Mimyria’s workflow consists of four automated stages: (1) electronic‑structure calculations to obtain reference APT and PGT values, (2) generation of a training set from snapshots along short MD trajectories, (3) training of modular neural‑network models for each tensor, and (4) application of the trained models to long MD trajectories to compute time‑correlation functions and, via Fourier transform, the IR absorption coefficient and Raman scattering cross‑section. The framework is modular: response‑tensor models are independent of the underlying ML potential used for the MD, allowing users to reuse existing potentials (e.g., for water or electrolyte solutions) without retraining them. Consequently, vibrational spectroscopy can be added retrospectively to any MD study with minimal additional effort.

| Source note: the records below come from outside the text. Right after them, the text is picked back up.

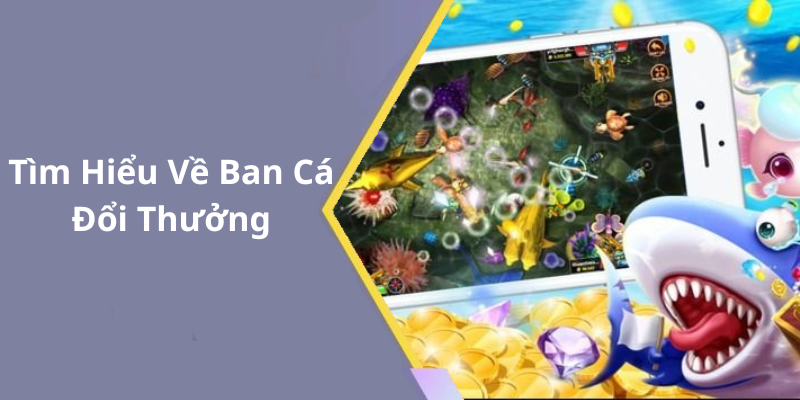 Tìm Hiểu Về Ban Cá Đổi Thưởng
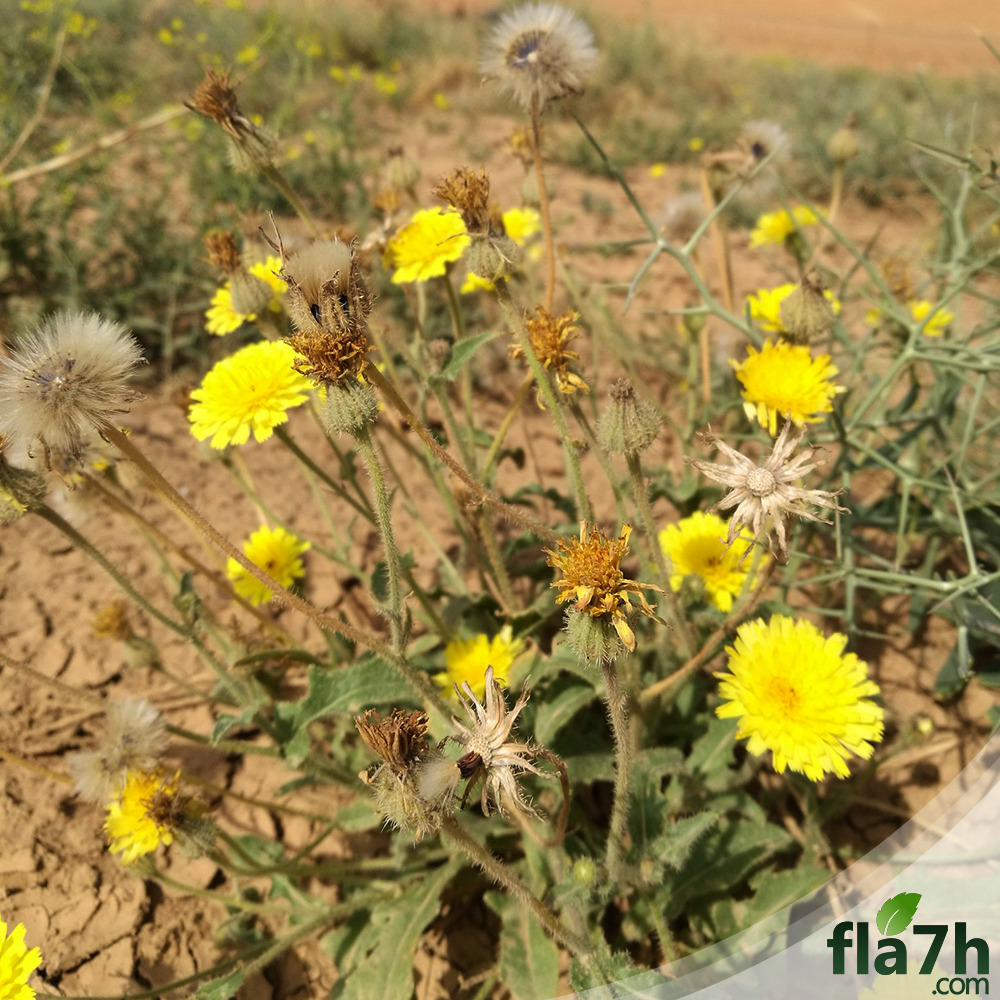بذور زهرة الحوذان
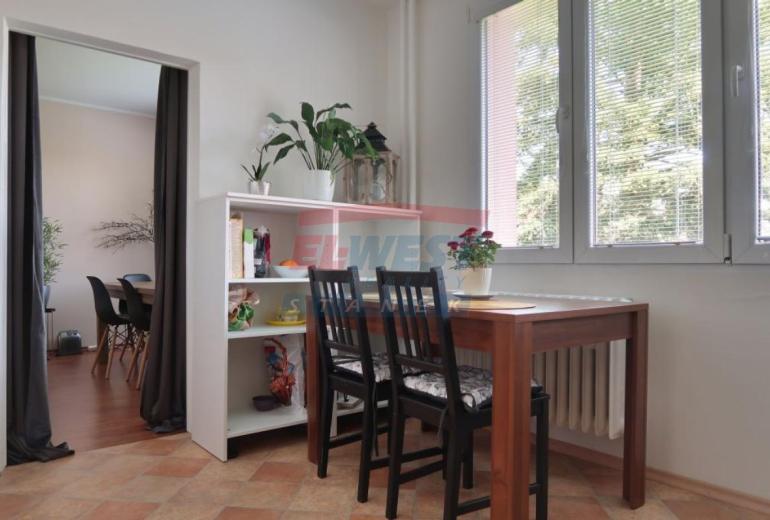 Pronájem pěkného bytu 2+1 v panelovém domě v Sušici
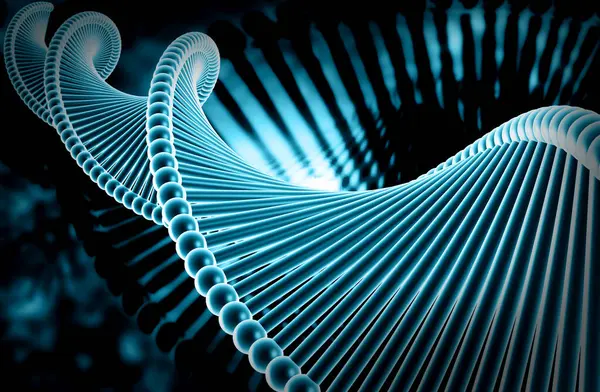 Bir DNA yapısının 3d gösterimi 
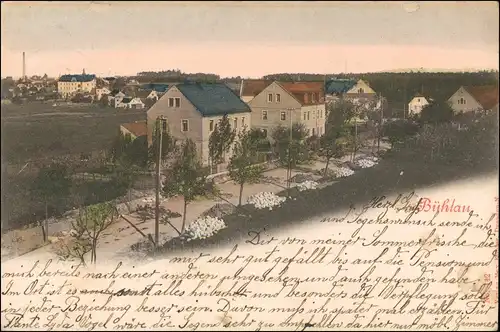 Ansichtskarte Bühlau-Dresden Straßenpartie 1907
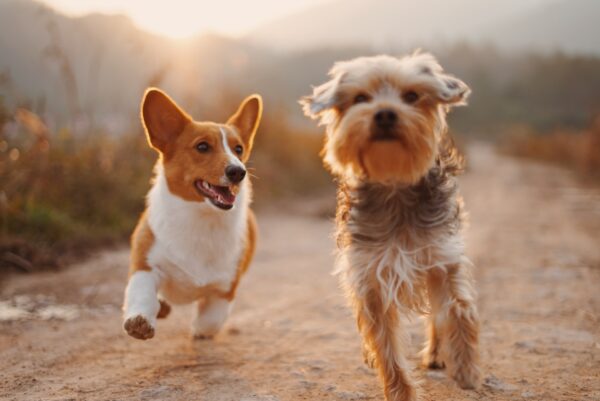 犬につけてはいけない名前は「似ている名前」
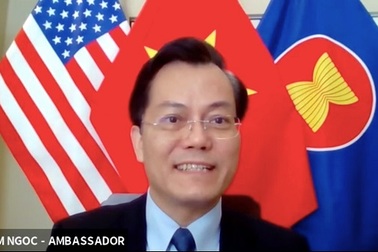 1.000 công dân, du học sinh Việt Nam tại Mỹ đăng ký về nước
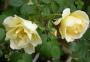 lysiane:plantes_du_jardin:roses:633_rustica_91_0151.jpg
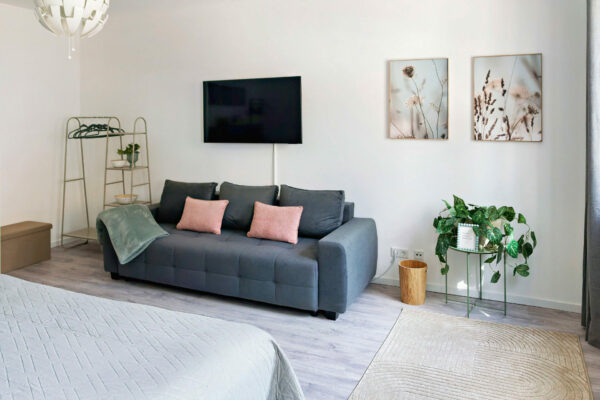 MainZauber Apartments früher MainTerrasse Miltenberg am Main - Modernes Wohnzimmer der Luxus-Ferienwohnung AltstadtZauber Miltenberg mit grauem Sofa, TV, Pflanzen und stilvoller Einrichtung.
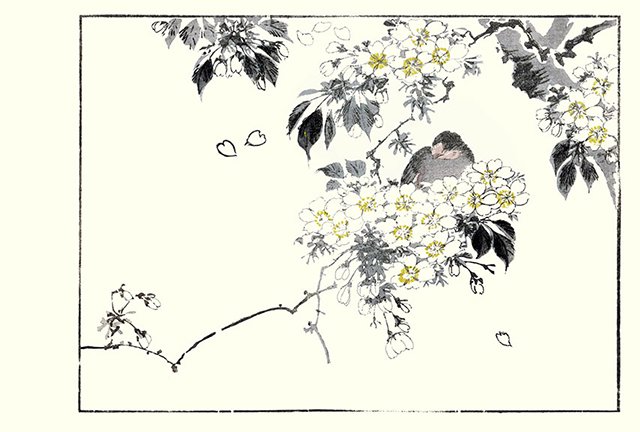 photo7.jpg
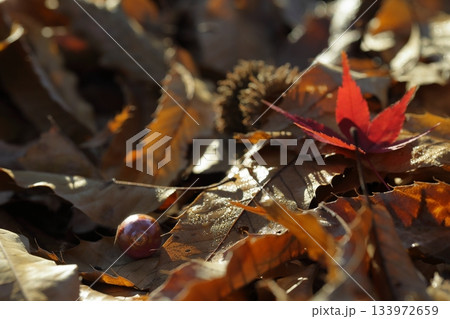 日本の紅葉 日本の紅葉 133972659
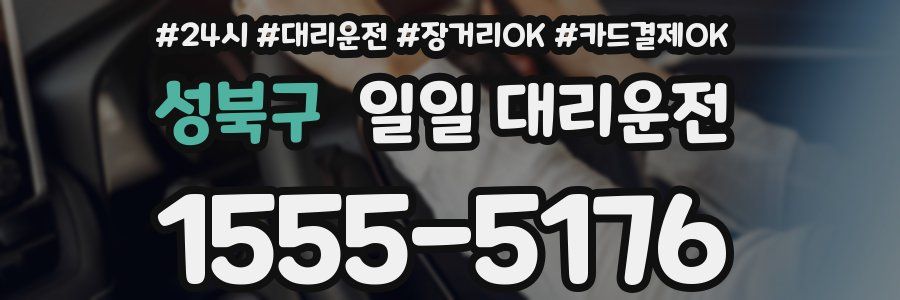 성북구 일일 대리운전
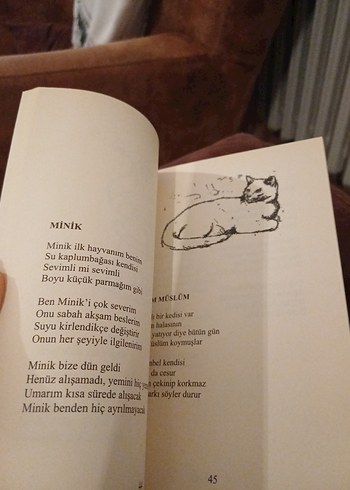 Kumbara - Eylül Ada Uçak, Oğuz Uçak - Görsel 4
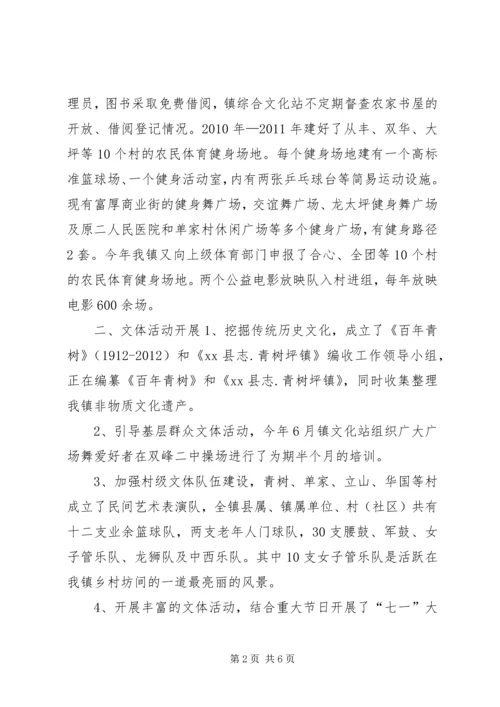 乡镇综合文化站工作调研报告.docx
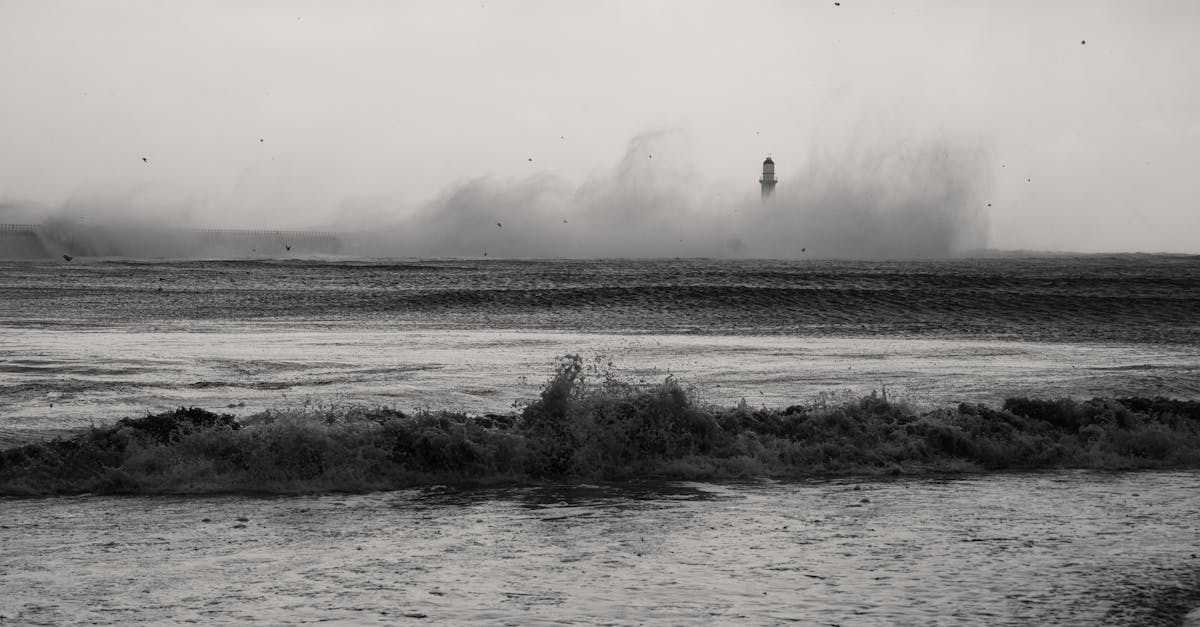 肺癌与吸烟:事实和谎言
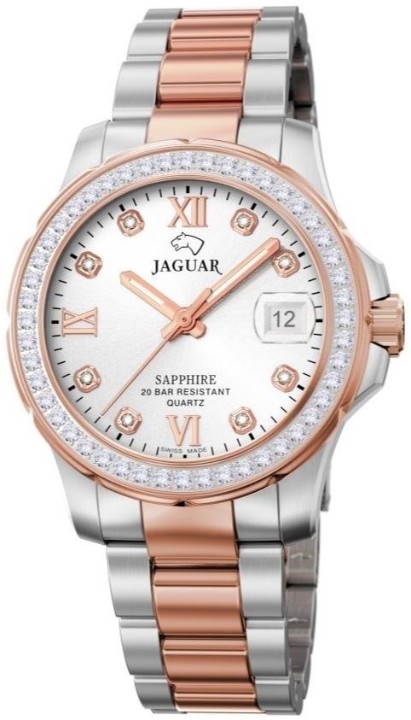 Bild von Jaguar Executive Diver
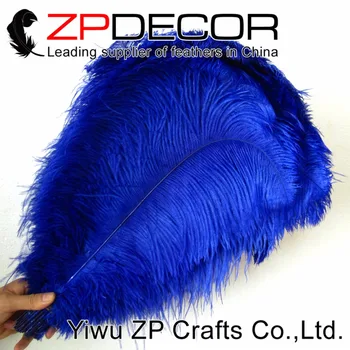ZPDECOR Gamyklos Ilgio Diapazoną, 45cm-50cm(18-20) Royal Blue Spalvos 50pieces/daug AUKŠČIAUSIOS Kokybės Stručio Plunksnų už Ravėjimą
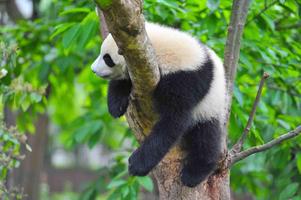 Sleepy Panda Wallpapers syot layar 3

The authors demonstrate the utility of Mimyria on bulk liquid water and on an aqueous sulfate solution. With training sets as small as a few dozen configurations, the ML‑generated spectra match explicit ab‑initio spectra within experimental resolution, even capturing subtle features such as low‑intensity bands and solvent‑induced shifts. They also show how the framework can diagnose rare atomic environments (e.g., the sulfate ion) that are otherwise masked by the bulk water background, highlighting the atom‑resolved diagnostic power of the approach.

In summary, Mimyria delivers a data‑efficient, quantitatively reliable pipeline for vibrational spectroscopy of condensed‑phase systems. By introducing the PGT for Raman, validating both tensors, employing direct‑derivative ML models, and linking model errors to spectral fidelity, the work removes a major bottleneck that has limited routine spectroscopic analysis of ab‑initio MD. The framework’s automation, modularity, and early‑stopping guidelines make it readily adoptable for a wide range of aqueous and solvated systems, opening the door to routine, atom‑specific interpretation of IR and Raman spectra directly from large‑scale molecular simulations.